**Work request:** Once "Cảnh sát cơ" turns up in a line below, reproduce that line and those after it exactly, stopping after the line with "Tirol Lodge"; leave pictures out.

**Source data:**
=-=-=-=-=
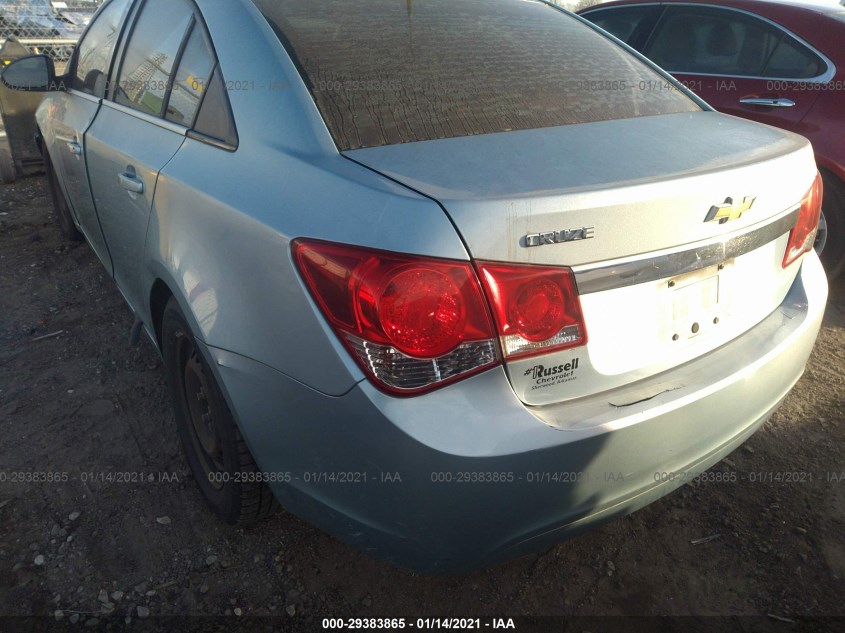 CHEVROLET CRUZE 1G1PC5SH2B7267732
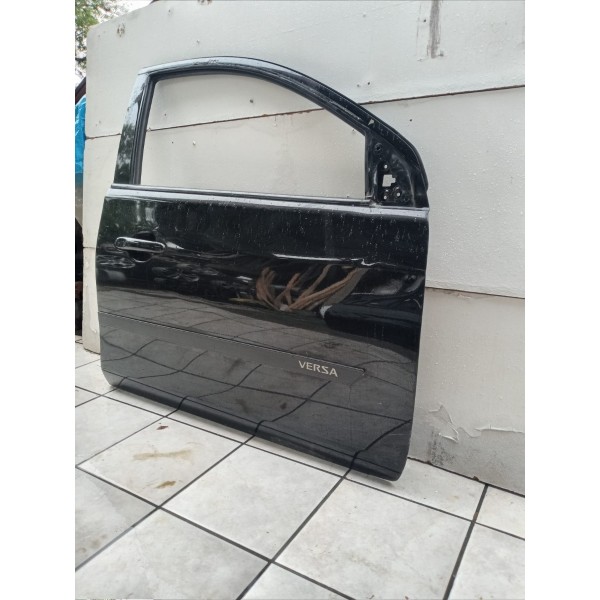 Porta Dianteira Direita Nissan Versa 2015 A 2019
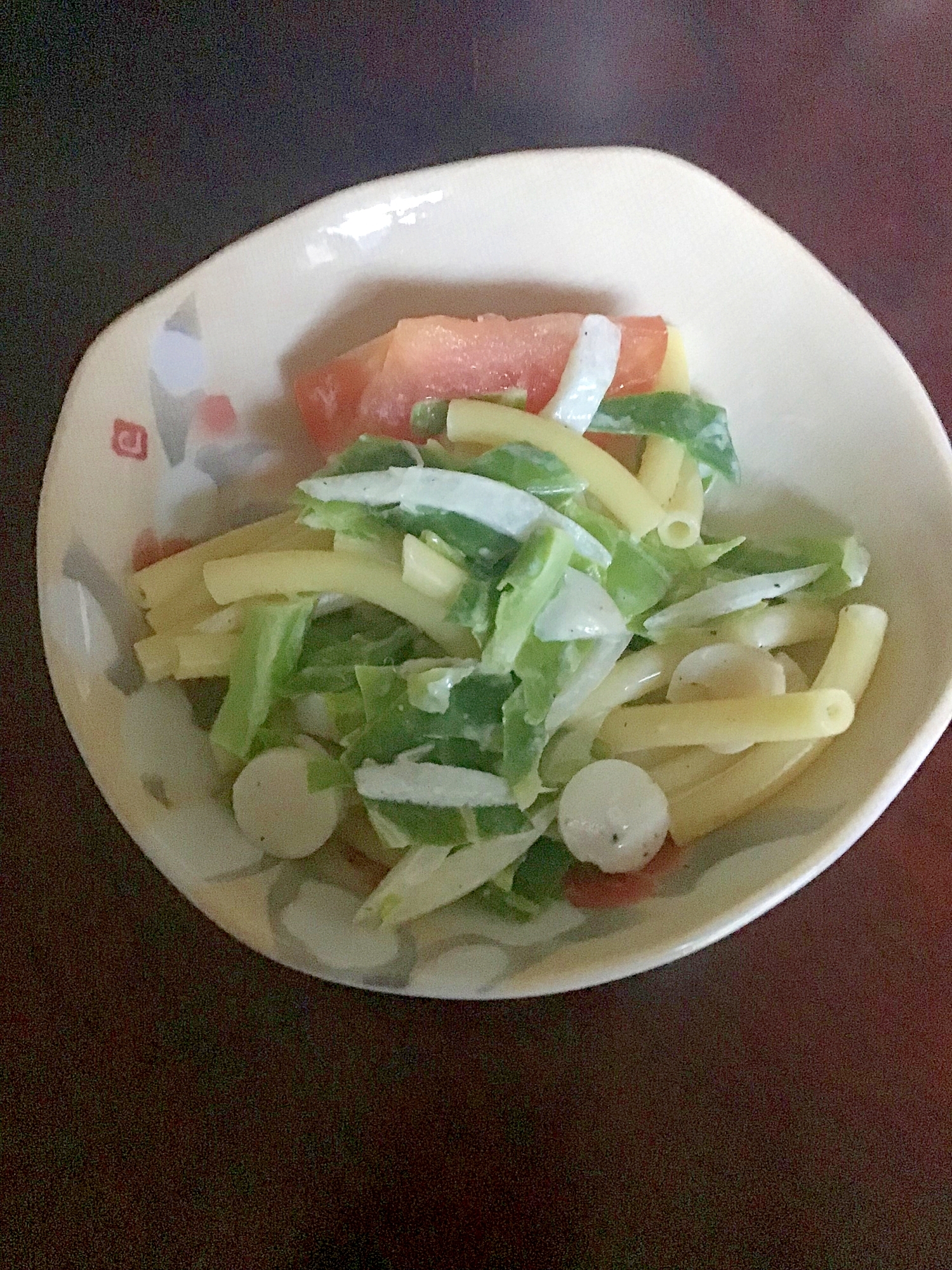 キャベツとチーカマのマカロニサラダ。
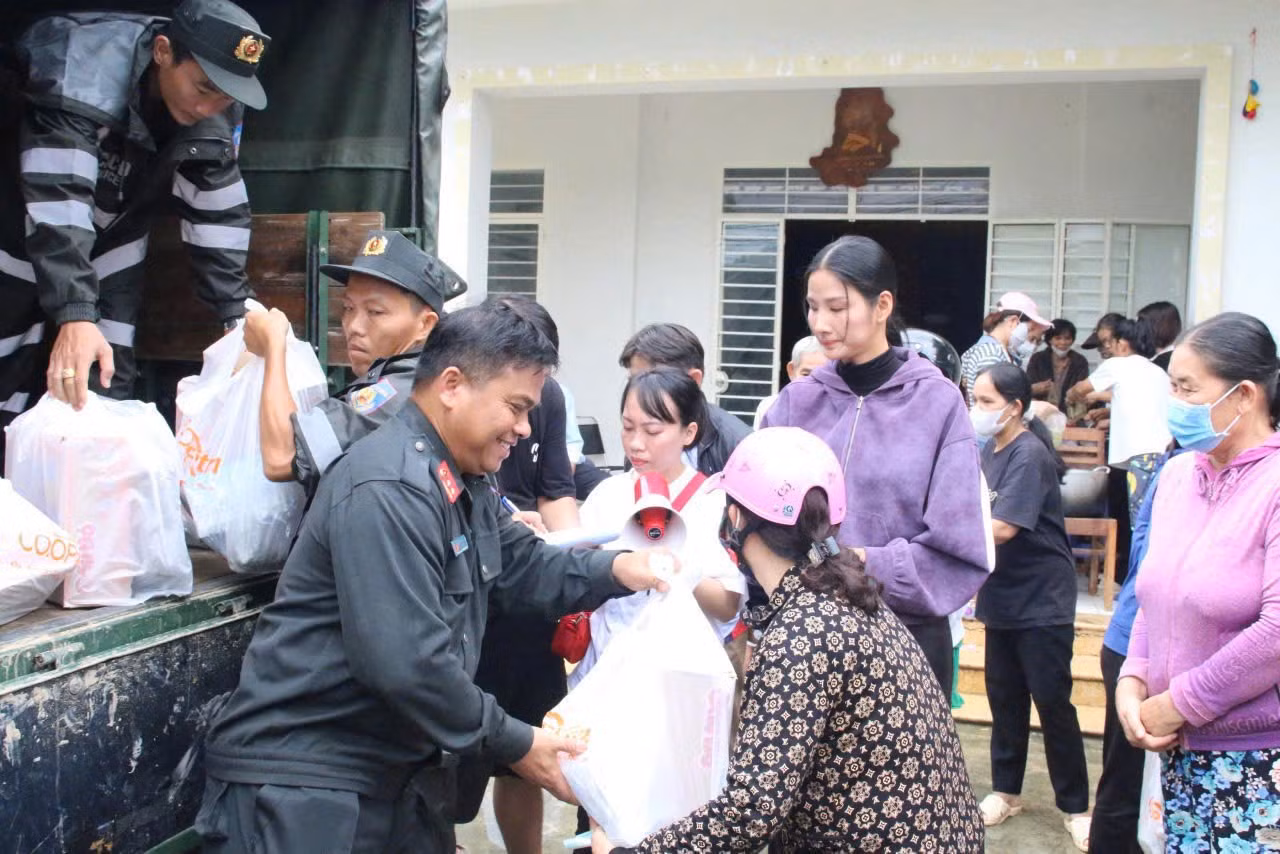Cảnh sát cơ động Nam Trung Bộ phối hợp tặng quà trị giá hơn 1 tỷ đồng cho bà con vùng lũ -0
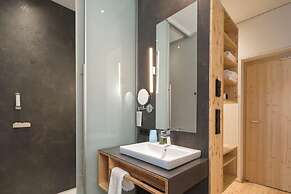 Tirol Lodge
=-=-=-=-=
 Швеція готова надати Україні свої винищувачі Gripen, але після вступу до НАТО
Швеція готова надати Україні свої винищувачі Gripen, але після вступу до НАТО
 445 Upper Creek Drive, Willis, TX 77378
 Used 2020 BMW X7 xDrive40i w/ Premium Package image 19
=-=-=-=-=
**Written solution:**
Cảnh sát cơ động Nam Trung Bộ phối hợp tặng quà trị giá hơn 1 tỷ đồng cho bà con vùng lũ -0
 Tirol Lodge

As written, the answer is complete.